■ **WORK TO COMPLETE**: Exact copy, no pictures: reproduce the lines from the one that holds "Fleur de Lis" through the end of the entries.

Crawled caption data:
[Start of Attachment]

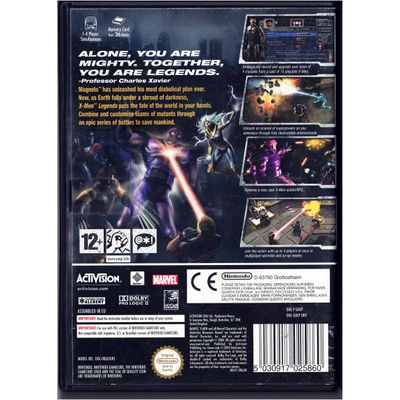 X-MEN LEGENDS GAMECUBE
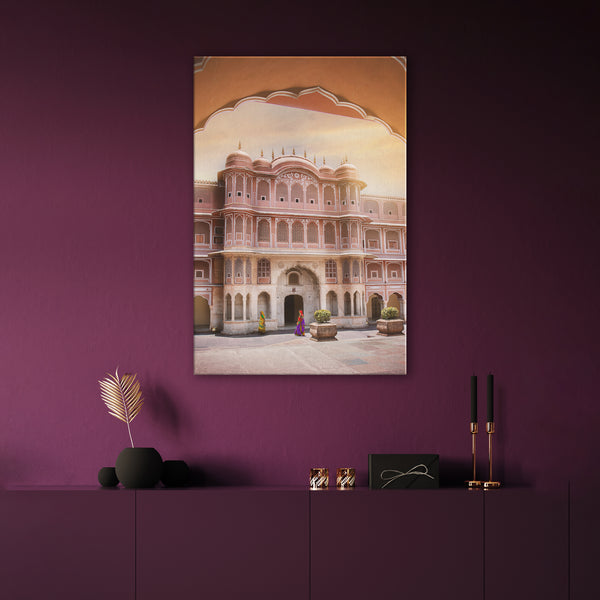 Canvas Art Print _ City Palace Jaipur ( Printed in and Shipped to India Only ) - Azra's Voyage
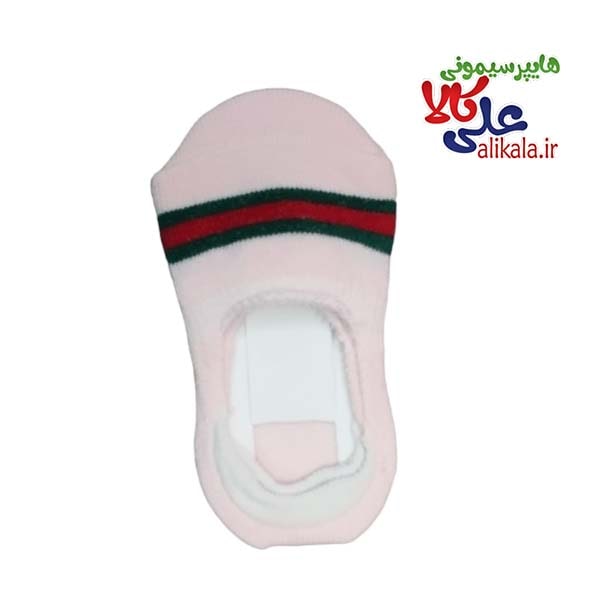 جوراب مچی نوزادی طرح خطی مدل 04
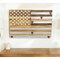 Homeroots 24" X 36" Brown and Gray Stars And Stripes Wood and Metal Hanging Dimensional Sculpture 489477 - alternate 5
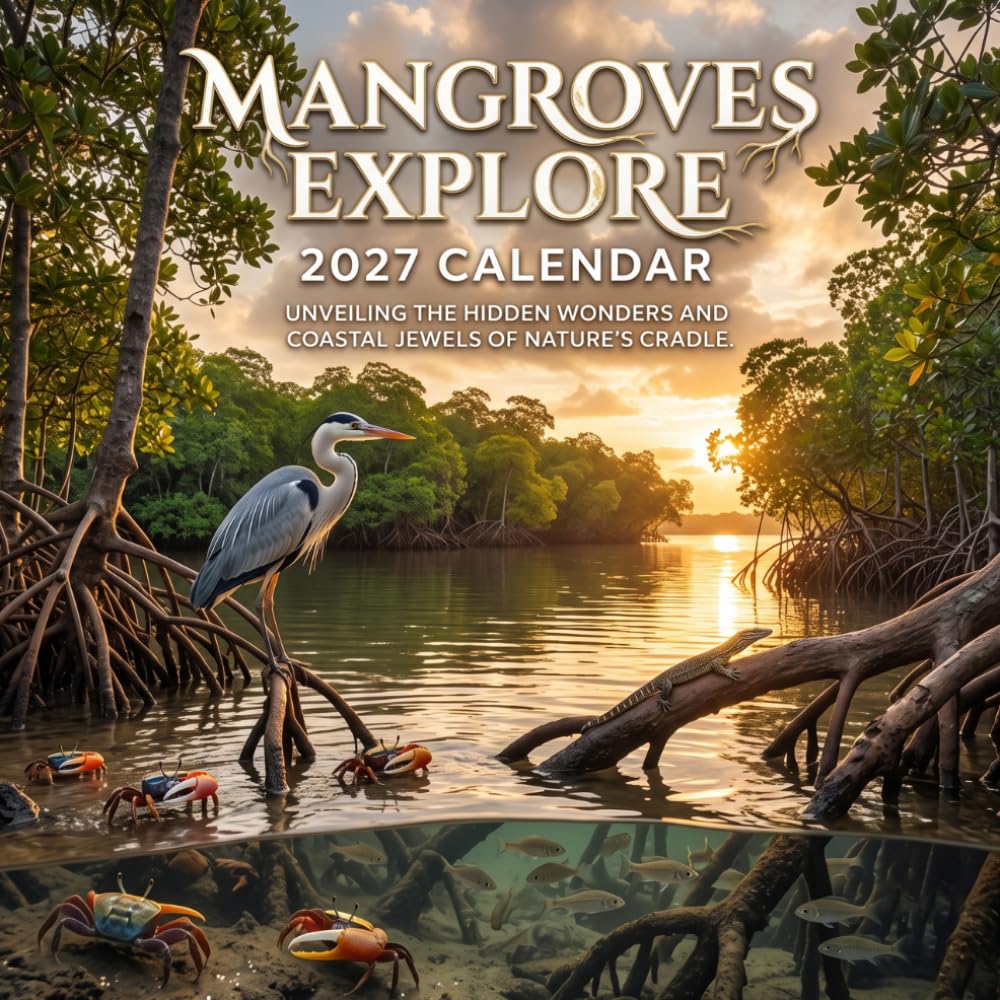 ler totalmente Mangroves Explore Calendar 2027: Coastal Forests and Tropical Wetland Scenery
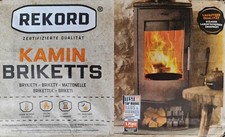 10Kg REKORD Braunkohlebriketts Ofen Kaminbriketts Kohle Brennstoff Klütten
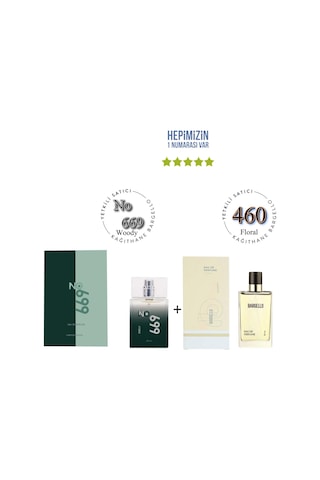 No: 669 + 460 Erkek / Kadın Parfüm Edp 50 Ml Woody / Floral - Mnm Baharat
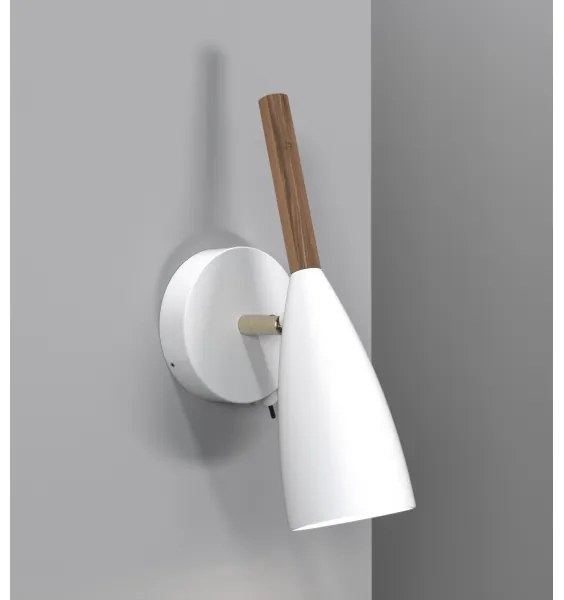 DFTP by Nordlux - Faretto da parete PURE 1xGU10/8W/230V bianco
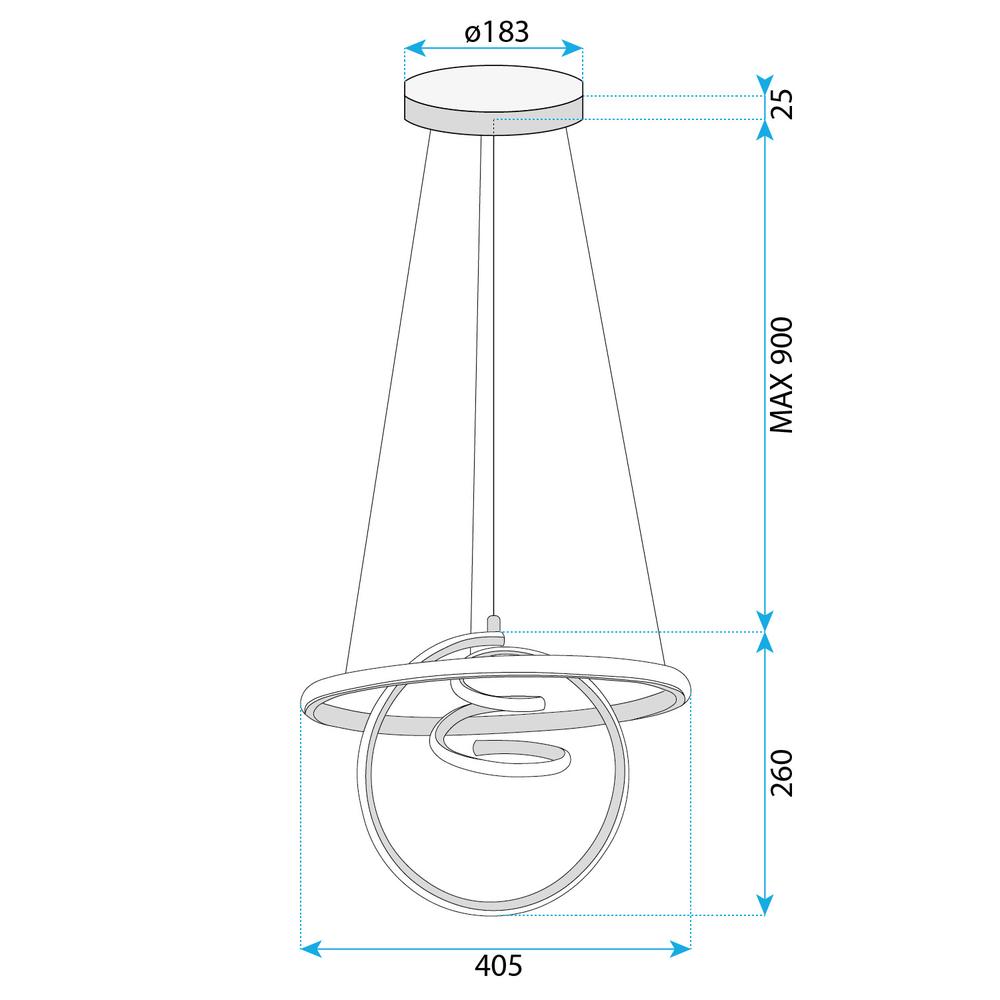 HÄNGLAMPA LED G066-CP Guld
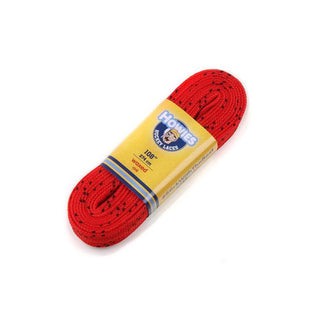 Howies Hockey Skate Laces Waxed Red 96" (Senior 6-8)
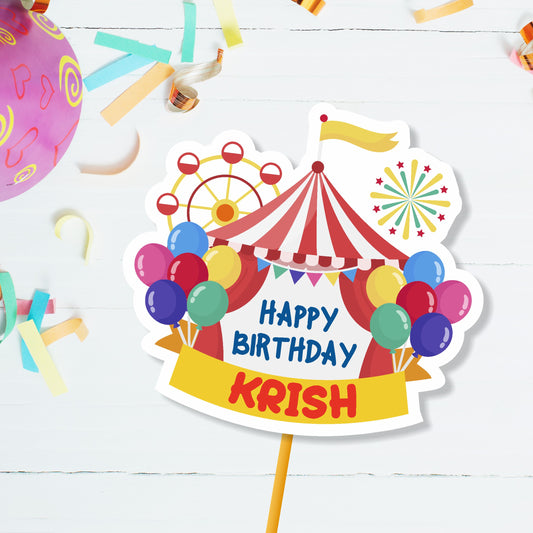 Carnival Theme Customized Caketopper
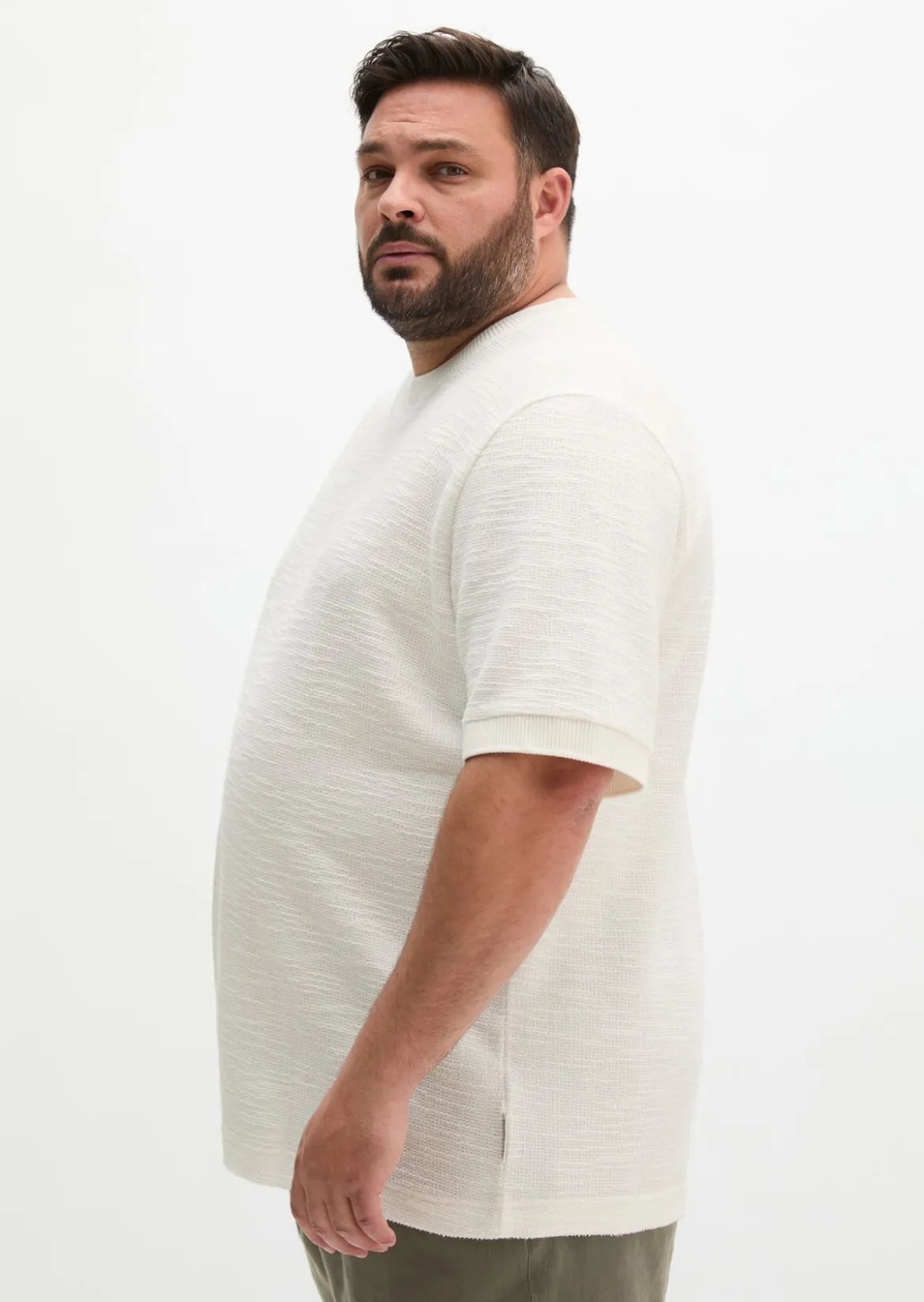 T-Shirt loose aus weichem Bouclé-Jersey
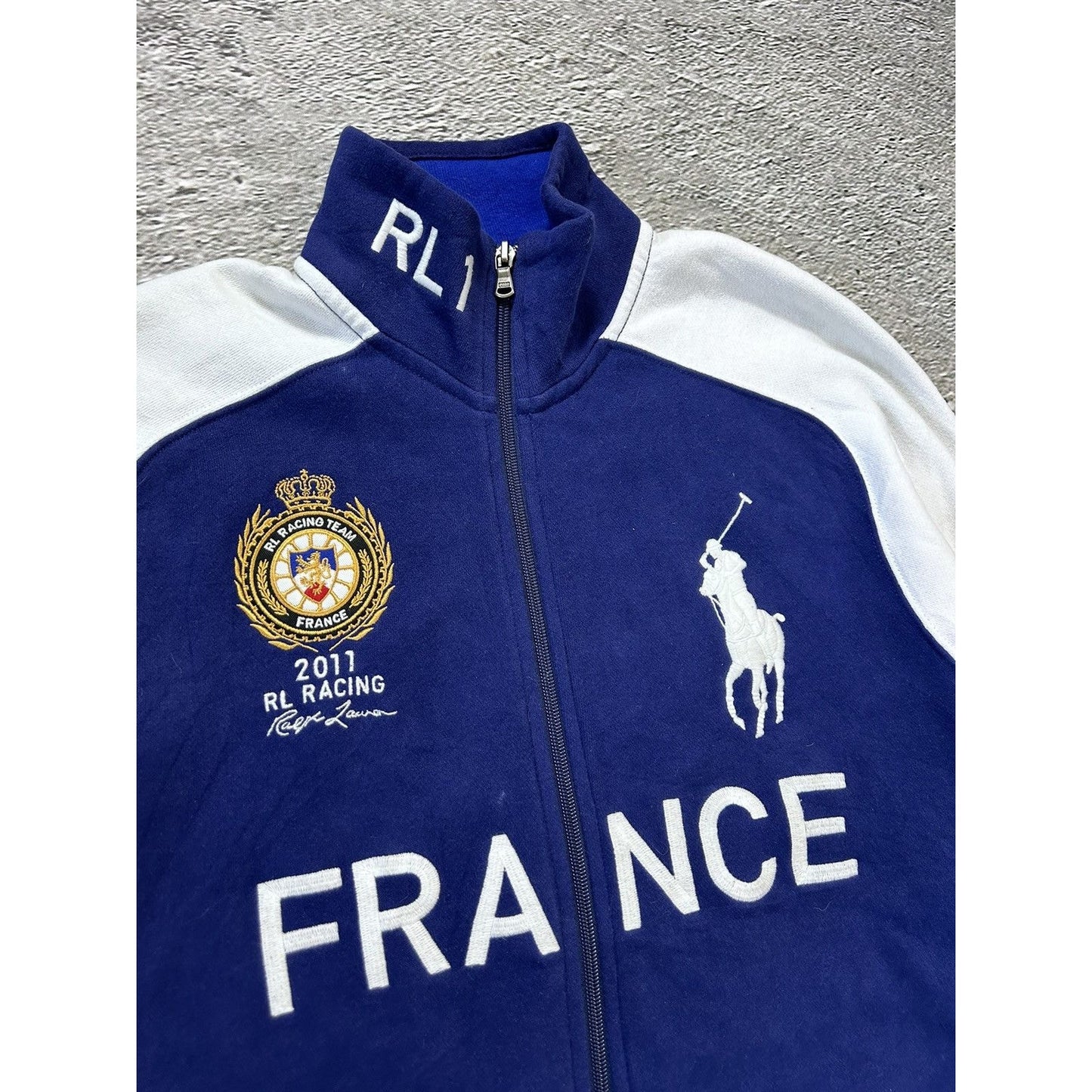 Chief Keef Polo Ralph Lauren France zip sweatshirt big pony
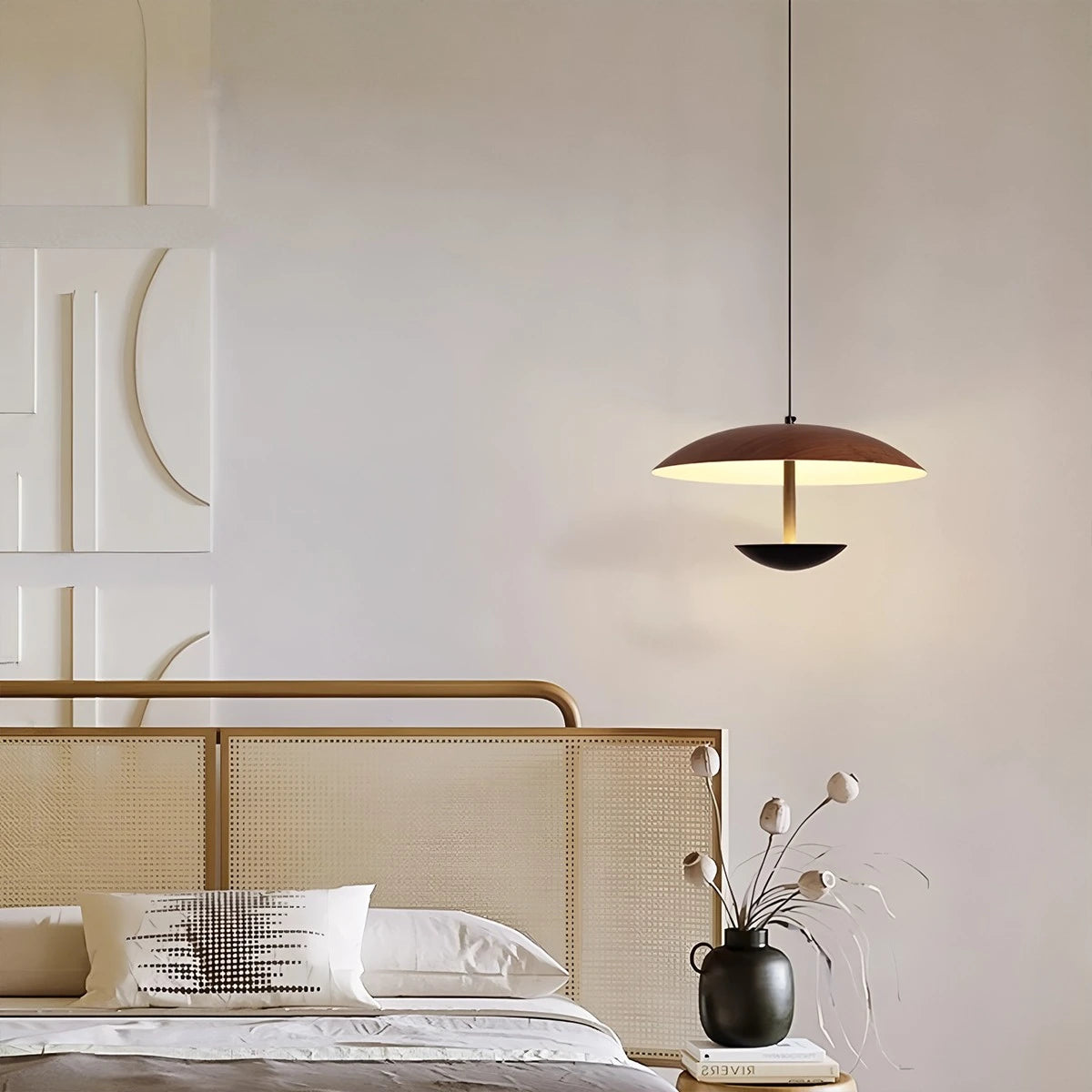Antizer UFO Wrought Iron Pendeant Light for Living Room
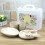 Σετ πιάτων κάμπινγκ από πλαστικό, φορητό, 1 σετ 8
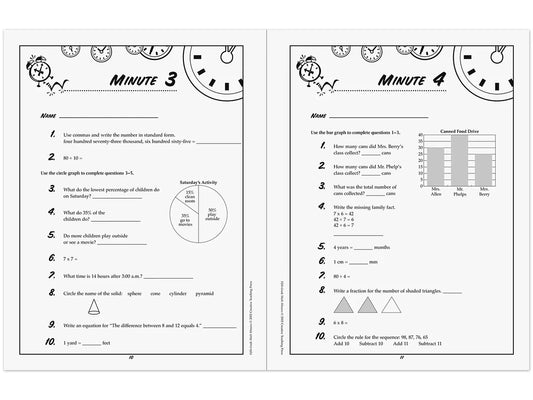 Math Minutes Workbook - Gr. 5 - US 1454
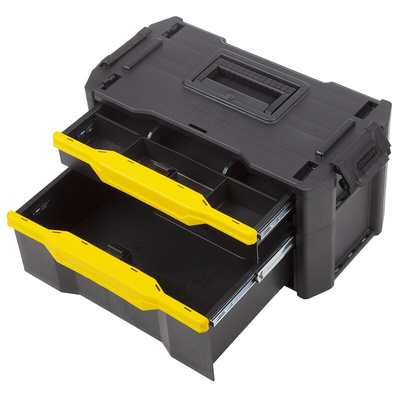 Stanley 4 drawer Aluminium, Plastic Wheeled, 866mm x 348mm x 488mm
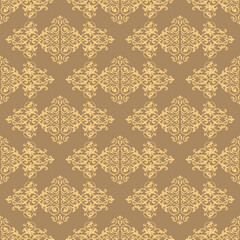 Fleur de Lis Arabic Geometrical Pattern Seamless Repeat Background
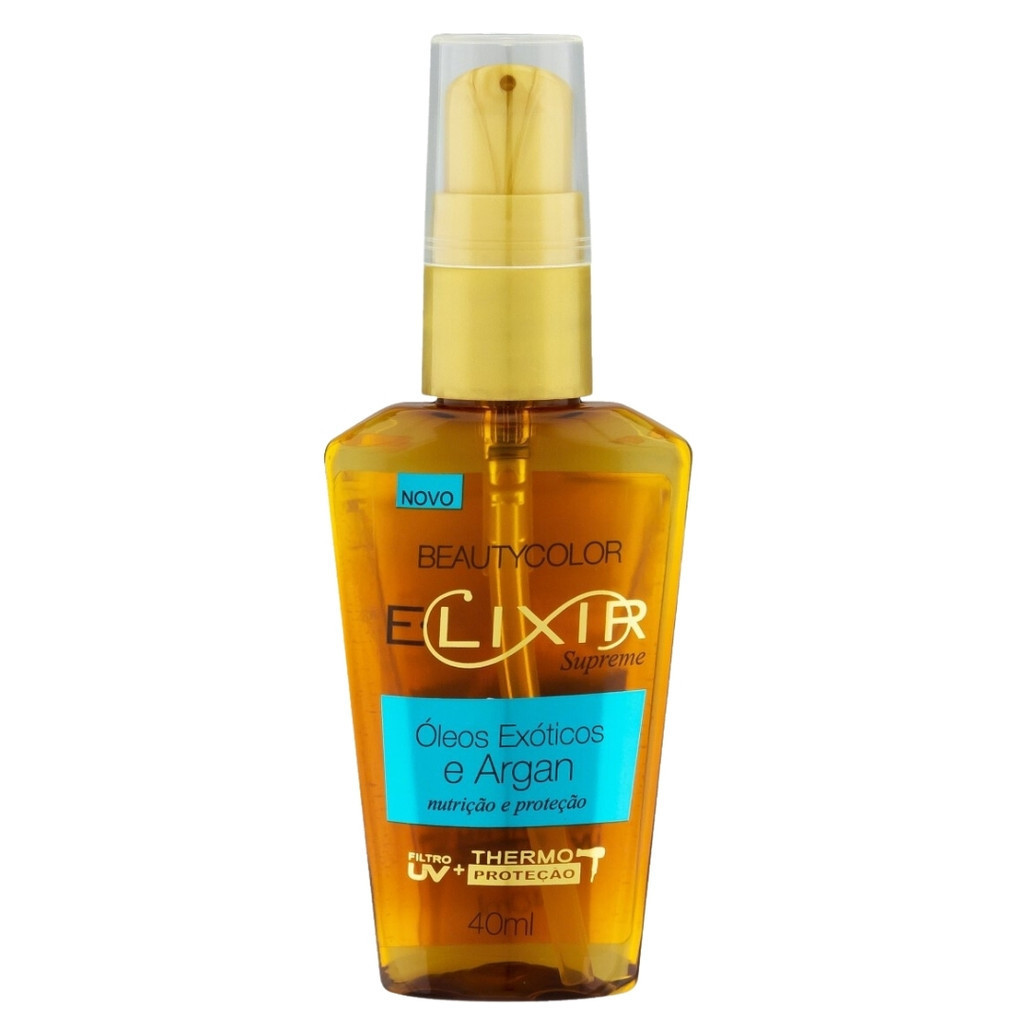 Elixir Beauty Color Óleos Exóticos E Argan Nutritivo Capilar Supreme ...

[End of Attachment]

■ **SOLUTION**:
 Fleur de Lis Arabic Geometrical Pattern Seamless Repeat Background
 Elixir Beauty Color Óleos Exóticos E Argan Nutritivo Capilar Supreme ...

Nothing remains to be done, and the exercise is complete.